But just because you did not have a good experience does not mean that all Spanish lawyers are bad and that everyone else should avoid them. I still think that spending a small amount on paying for a legal letter (maybe for 50 -100€) may pay for itself in the long term. He may not be rich, but surely that's more motive to fight against losing thousands of Euros worth of stuff 

I hope he resolves the claim.


----------



## Pesky Wesky (May 10, 2009)

But how will he prove that the guitar was on the coach?


----------



## nigele2 (Dec 25, 2009)

Pesky Wesky said:


> But how will he prove that the guitar was on the coach?


At the end of the day he can't. Even security camera film would only show a guitar case being loaded, and presumably removed. And after the delay by Alsa it seems the film is not available.

The best hope is members of a guitar forum scanning the secondhand market. It is unlikely that the thief would know what to do with it beyond sell it. There has been success through this route before (as many top end guitars are numbered). 

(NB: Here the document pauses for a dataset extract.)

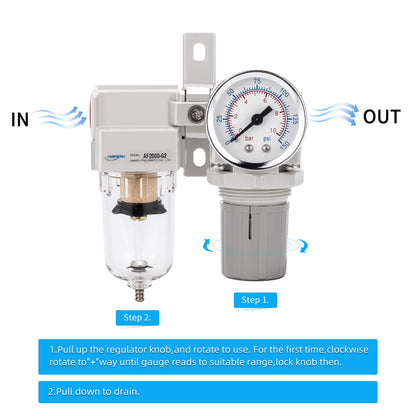 NANPU 1/4" NPT Compressed Air Filter Regulator Combo Piggyback, 5 Micron Element, Poly Bowl, Semi-Auto Drain, Bracket, Gauge (ARF2000)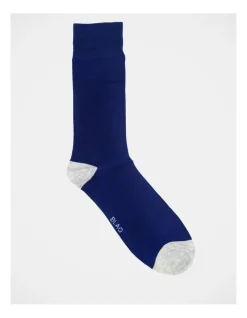 Blaq Plain Bamboo Heel & Toe Sock Blue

At the moment he has replied asking on what basis the evaluation was made and how it is unacceptable. We wait and see. But a lesson to be learned I guess.


----------



## Juan C (Sep 4, 2017)

Pesky Wesky said:


> But how will he prove that the guitar was on the coach?


That question could be asked in many instances when a crime report is made to the police. Example a guy says he was wearing a Rolex which was stolen. Probably no way to prove he is not lying. Whether his insurance company will pay out is a matter of trust. 

Probably in most instances insurance companies pay out. If they did not why would anyone pay for insurance?


----------